Greg, I believe they have the same coverage. City Nav does not have split regions. City Select is the map software choice with routing options for a GPS V and can be bought online for $120 USD. List is $140.
 
CitySelect North America (see this link) would be the most appropriate choice for you.

There is a similar, slightly less expensive product called "MetroGuide USA" (see this link), but it does not support autoroute creation on the GPSR.

WorldMap would be inappropriate, it only provides very coarse information (major roads), does not support autorouting, and is now about 5 years old.

The various internet vendors tend to be pretty competitive on the prices for the map products. If you tell the vendor to discard the box that the product comes in, and just send you the CD (in the jewel case) and the unlock code, you could probably reduce your shipping costs considerably.

PanEuropean
 
K2R said:
City Nav does not have split regions.

K2R - you had me confused for a moment!

Different markets, different products. In Europe we can but City Navigator North America with a single region unlock code. This UK retailer is still offering v4 on their website.

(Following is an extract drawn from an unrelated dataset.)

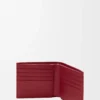 Portafoglio bifold in pelle di vitello classica Rosso bruciato Portafoglio bifold in pelle di vitello classica Rosso bruciato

Conversely, I don't think that you can buy a European Garmin product with less than the full version of City Navigator Europe - you might.

Greg
 
Guys, I am pretty sure that Garmin has abandoned the "regional unlock code" option for both North America and Europe. I think there were quite a few complaints about pricing it that way, so Garmin just went to a single "whole continent" unlock.

I don't think it would be a very good idea to buy version 4 of a CN product - seems to me that the current version of CitySelect North America, with the entire continent unlocked, is much less than a single region unlock code for the obsolete product. My guess is that the retailer has just neglected to delete that page from their website.

PanEuropean
 
Everyone here seems to have forgotten that there is a "Roads & Recreation" CD-ROM for the USA. It will load into ANY GPS. It has the same sort of detail as the new auto-routing types but without the auto routing data.
I have a copy if anyone would like to "borrow" it. Send me a PM.
 
Howard:

I think visitors to the USA would be better off with a paper map than with the 'Roads and Recreation' USA CD. Not that I am trying to show any disrespect for your courtesy in offering to loan your CD, but the product is about 6 years old, and the road networks change in the USA much faster than they change in Europe - meaning, interchanges are revised, new neighbourhoods built, new arterial roads created, etc.

At least with a paper map, a person could be assured that they would have up to date information.

If anyone does go to America and plans to use really old electronic cartographic data (e.g. Roads & Rec, or MetroGuide prior to the current version), I would suggest you keep the zoom set to a pretty wide view - in other words, just use it to keep yourself spatially oriented between major arterial roadways. Otherwise, the out of date cartography is more likely to get you into trouble, rather than keep you out of it.